Furthermore, one must also remember that the one and only
period of Mu‘tazilite’s political ascendancy was during the Emperor Māmūn al-Rashīd’s
and Mu‘tasim’s reigns, extending from 813 to 842. This state-sponsored cultural
prominence of Mu‘tazilism was short lived. How could it then explain the golden
age of Muslim science that extends well beyond half a millennium?

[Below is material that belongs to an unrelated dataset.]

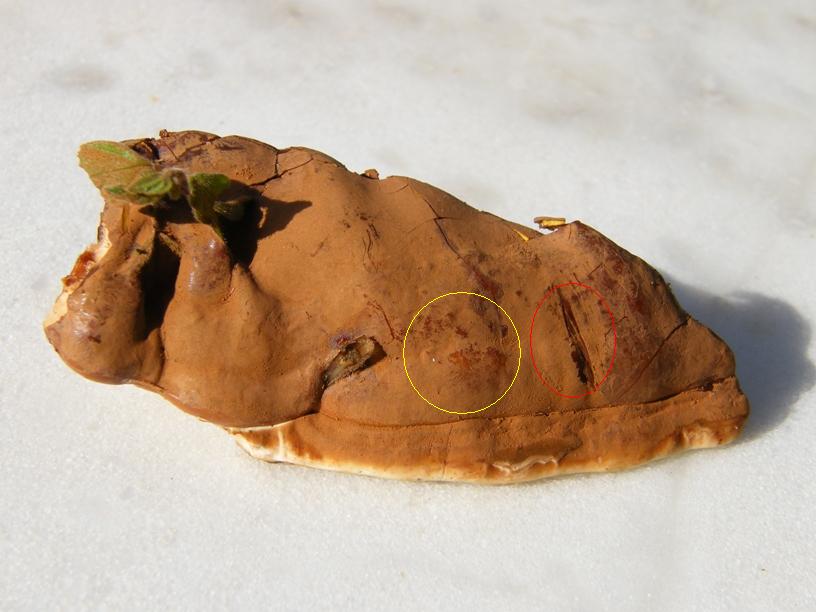 Fungo e quercia (Ganoderma resinaceum)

As far as I see it, the real distinction between the two
Mut‘tazilite and the Ash‘arite approaches is actually based on the Hellenophilic
glorification of Aristotelian reasoning – a hellenophilia that is all the more
evident in several modern accounts of the history of science. A critique of the
Greek body of knowledge becomes a defining signature of irrationality,
contributing to the demise of science in the Muslim lands, enshrouded in the
coffins sewn by the religious orthodoxy, the last nail in the coffin driven by
the Ash‘arites and the funeral pyre finally set on fire by Hujjah al-Islām
Ghazālī.
David Pingree in unequivocal language writes about this
attitude:
Hellenophiles, it might be observed, are overwhelmingly
Westerners, displaying the cultural myopia common in all cultures of the world
but, as well, the arrogance that characterized the medieval Christian’s
recognition of his own infallibility and that has now been inherited by our
modern priests of science.
Finally, I come to the point of what Ragep calls “political
spin” or “preconceived views” – an ideological framework that suits our
conceptions of Islam. The compatibility of scientific work-habits and the
rigorous demands of religious practice seems to be an alarming idea for many
natural scientists. These days, a belief in or mentioning of “God” is likely to
arouse surprise and ridicule in academic circles. Dawkins, Weinberg, Shermer and
their followers are highly uncomfortable with a deity who interferes in our
lives, a belief they would consider to be toxic to the promotion of science. For
example, even though Hoodbhoy gives considerable concessions to his readers in
his book, first published in 1991 by passing the verdict: “Scientists are free
to be as religious as they please, but science recognizes no law outside it
own”, yet in his latest article in the distinguished periodical Physics Today,
he preaches:
The faithful must participate in five daily
congregational prayers, endure a month of fasting that taxes the body, recite
daily from the Qur’ān, and more. Although such duties orient believers admirably
towards success in the life hereafter, they make worldly success less likely. A
more balanced approach will be needed.
It will be useful for many working Muslim scientists to
discover what a “more balanced approach” means with regards to the five daily
congregational prayers and the month of Ramadan! But remember that this sermon
is also a strict piece of advice to all practising Christians, Buddhists, Hindus
and Jews who desire worldly success in their scientific careers.